Such was the substance of that dream and when I awoke from it, oh! how bitterly I wept. For now I understood. I was fallen—fallen! All that I had gathered through the long years of prayer and abstinence and service had been reft from me, and I who stood near to joy had sunk into a hell of unending sorrow. There was no Isis, so I had dreamed Noot to say, and so my new knowledge told me. Yet there was the eternal Good which in Egypt men knew as Isis, and in other lands by many a different name, and from that Good I was excommunicate.
Now like my savage ancestors of a million years before, I was but a part of Nature as we see her upon the earth and feel her in our blood and—this was the most dreadful of my punishments—my wisdom and my lost faith had become rules by which I could mete out the measure of my fall, for ignorance can smile at that which to knowledge is a hell. All Nature’s gifts were mine; all her beauty, all her desires, all her fierceness, all her hates, and one by one, through countless time I must weed her every evil growth from the garden of my poisoned soul. The curse with which she was accursed had smitten me also, and in the end her death would be my death. Such was the doom that I had brought upon my head when I had listened to the calling of that god of Fire.
Oh! looking upon the cold corpse of Kallikrates and feeling the primeval passions surging in my breast, little wonder that I, the rejected of Heaven, wept as still I weep to-day.
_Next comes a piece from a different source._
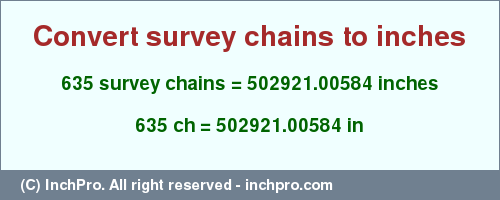 Result converting 635 survey chains to inches = 502921.00584 inches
For such is the lot of those who trample on all good as they run to seize the glittering gauds that the tempter spreads before their lusting eyes. Perchance Noot never broke his holy rest to speak to me in dreams; perchance it was the strength in my own soul that spoke to my heart, as that strength, of which now I knew the power, in the old days wrought marvels that then I believed to be done by the invisible hand of Isis. At least the lesson taught is true.
Ere the dawn, guided by those old embalmers and bearing with me the dead Kallikrates, I departed from that hateful Kôr. As I think, none saw me go, for, forgetful of their promised vengeance, the priests and priestesses were gathered trembling about the corpse of Rames in the inmost court of the Temple of Truth, though it is true that I felt the baleful eyes of Amenartas watching me. Or perhaps it was her pursuing hate I felt, and not her eyes.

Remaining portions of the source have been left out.